According to the state's complaint, the Internal Revenue Service conducted a Bank Secrecy Act examination of Caesars Palace from February 2012 through April 2012 and found 37 areas of noncompliance. Caesars responded to allegations in August 2013. The company was informed two months later that the Financial Crimes Enforcement Network of the U.S. Department of the Treasury (FinCen) issued a notice of investigation.

The Control Board complaint mirrored the charges laid out the federal court filing. FinCen said Caesars failed to adequately monitor transactions coming from Asia through its branch offices for suspicious activity, such as large wire transfers. The agency said Caesars Palace "maintained highly deficient internal controls" on the private gambling salons.

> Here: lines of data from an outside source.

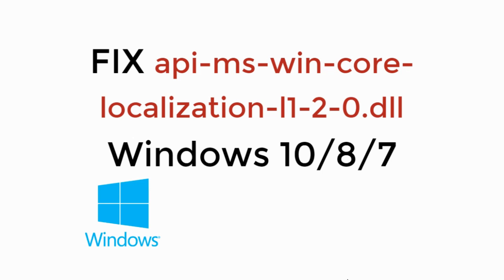In this video, we will fix API MS WinCodeLocalization.dll in Windows 10, 8 or 7. So let's begin.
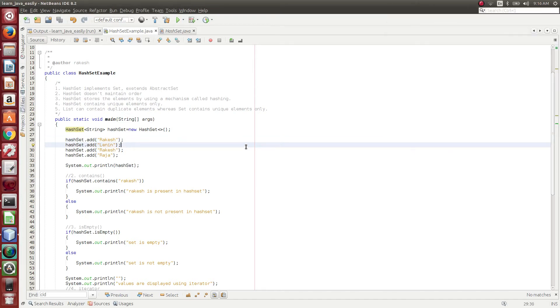Hi friends, this is Rakesh from Let's Make Learning Simple channel. Now we are going to see what is HashSet and how HashSet can be used in Java using real-time examples.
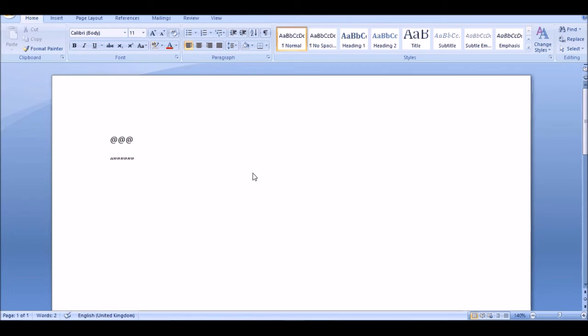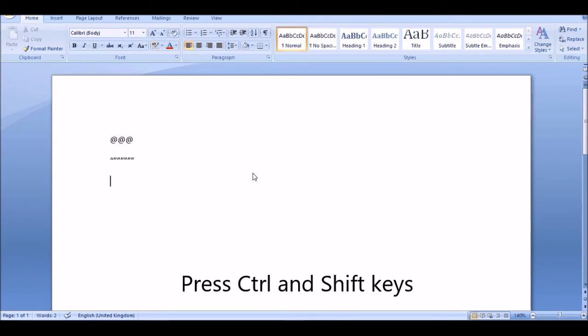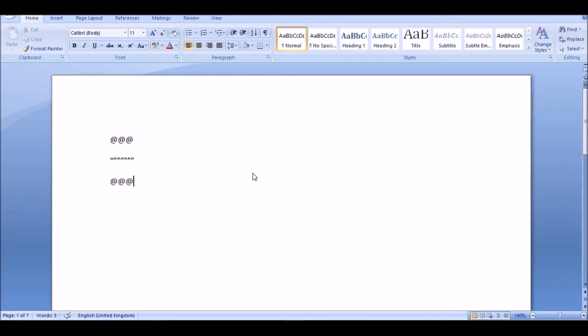The easiest fix is you press Ctrl and Shift, just Ctrl Shift, and try entering the at symbol now.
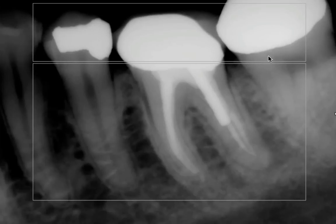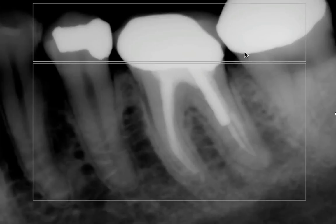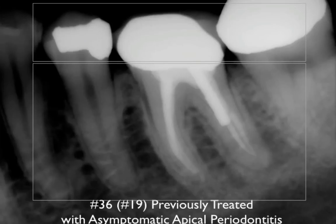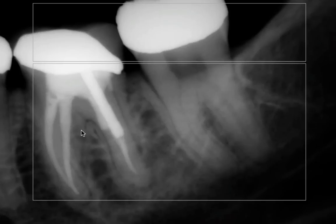We're going to take not only a straight-on radiograph — and this image is particularly around tooth number 36, or universal number 19. As you can see, the diagnosis for this tooth would be: previously treated tooth number 36 or 19, with asymptomatic apical periodontitis. So you get a straight-on, and you also get a shift — whether it be a mesial shift or a distal shift, it doesn't really matter.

FinCen found Caesars Palace failed to file more than 100 suspicious activity reports during the three months that included "team play" among unidentified Caesars guests in the private gaming salons; "suspicious transactions at Caesars branch offices; third-party payments from unrelated individuals and businesses; structuring; minimal gaming and bill stuffing; chip walking; and observed suspicious behavior of individual patrons."

The federal settlement has to be approved by the U.S. Bankruptcy Court in Chicago. Caesars Palace, the company's flagship Strip resort, is the only Las Vegas property included in the bankruptcy reorganization of Caesars Entertainment Operating Co., the casino operator's largest division.

In a statement last week Caesars said the hotel-casino " has made substantial improvements to every aspect of its Bank Secrecy Act/anti-money laundering compliance program and continues to enhance the program."

The settlement ended a two-year-long FinCen investigation.

In quarterly filings with the U.S. Securities and Exchange Commission, Caesars first announced it was under the FinCen inquiry in October 2013. In May, Caesars said it was in discussions with government agencies to negotiate a settlement and pay a multi-million-dollar fine.

In the past few years, FinCen has focused on anti-money laundering policies and procedures, with a particular interest in the gaming industry. FinCen officials criticized casino companies for not sharing information across their business units. The Justice Department has been concerned that criminals use casinos to move large sums of money.

In August 2013, Las Vegas Sands Corp. struck a deal with federal prosecutors and paid a settlement of $47.4 million to avoid criminal charges in connection with allegation of money laundering activities at The Venetian in 2006 and 2007.

Las Vegas Sands has not faced Nevada gaming scrutiny over its 2013 settlement.